For youths with hearing or vision handicaps, obtaining a formal education can be a struggle

Getting a solid education is difficult enough for the nation’s most gifted students, but for those with seeing or hearing difficulties, the prospect can be daunting.

Cambodia boasts schools for different ages, genders, ethnicities and economic classes. Unfortunately, however, not every child in the country has the opportunity to receive an education, and finding a school can be especially difficult for the handicapped.

What opportunities do children with vision or hearing disabilities have?

Until recently, such individuals had almost no hope of receiving a formal education. Handicapped Cambodians were forced to live isolated from society. Only a handful of those with milder disabilities were accepted at mainstream schools.

The Ministry of Education, Youth and Sport set up a special education office in the Primary Education Department in 2000. The inclusive education project (IE) was implemented in Svay Reng province by this office in collaboration with Disability Action Council (DAC) and UNICEF for children with disabilities.

The IE approach seeks to meet the learning and schooling needs of every child and does not exclude any child because of any special abilities or needs.

Today, spread across 12 provinces, there are 42 classes for deaf and for blind children. These classes are integrated with schools for children suffering other disabilities, of which there are 90 in total, located in 15 different provinces.

In 1994, the Krousar Thmey organisation created the first school for blind children.

Krousar Thmey is a non-religious and apolitical NGO that was created in 1991 in a refugee camp on the Thai border and started work in Cambodia soon after. Krousar Thmey has been training government teachers in sign language and braille to teach in integrated classes for deaf and blind pupils.

The national educational curriculum is customised for those enrolled in Krousar Thmey’s educational programmes, which have been described as the only ones to offer education in accordance with the national curriculum that has been adapted for students with disabilities.

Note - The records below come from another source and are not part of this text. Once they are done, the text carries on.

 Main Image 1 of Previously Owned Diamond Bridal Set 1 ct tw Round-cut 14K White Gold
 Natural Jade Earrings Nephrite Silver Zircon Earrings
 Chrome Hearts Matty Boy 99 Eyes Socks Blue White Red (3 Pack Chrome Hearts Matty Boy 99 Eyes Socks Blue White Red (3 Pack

The institution has been developing tools, such as Khmer books written in braille, to allow children to have access to education. Also, a Khmer sign language has been created based on American Sign Language.

Earlier this year, two deaf students graduated from high school, marking a milestone for Cambodia’s severely hearing-impaired.

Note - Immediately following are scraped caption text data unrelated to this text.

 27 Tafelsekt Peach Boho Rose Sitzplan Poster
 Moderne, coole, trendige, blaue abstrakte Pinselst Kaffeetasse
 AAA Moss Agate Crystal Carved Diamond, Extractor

Julien Strens, communication officer at Krousar Thmey says: “As children are getting older and graduating, there is a need of developing vocational training for them. Thanks to partnerships with other NGOs, the children can attend vocational training in various fields, such as cooking, sewing, welding and computer skills.

“This programme is still to be strengthened. It will help them become autonomous and responsible adults.”

Unfortunately, many people lack awareness of the needs of the blind and deaf, activists say.

Without job training, it can be exceptionally difficult for these children to secure good jobs, earn money for themselves, be independent of their families or support families of their own. Education plays a critical role in empowering the blind and deaf to surmount society’s challenges.

Advocacy campaigns have been developed by Krousar Thmey since 2005 to face this matter.

During school holidays, some blind and deaf children tour around the provinces to perform. The theatre scenes represent the obstacles that handicapped people have to face in every day life. In weekly bulletins, news on television is broadcasted in sign language.

Much remains to be done in many developing countries like Cambodia, but it is often difficult to educate people about the marginalisation of those with hearing and vision handicaps when so many others, marginalised by economic or other factors, are struggling to take care of their own families.

However, there are many indications that progress is taking place.

With the support of NGOs and charities, there is evidence of growing awareness of the needs of the blind and deaf for special assistance or amenities. Educating Cambodians about those special needs offers the promise of opportunities for these young learners.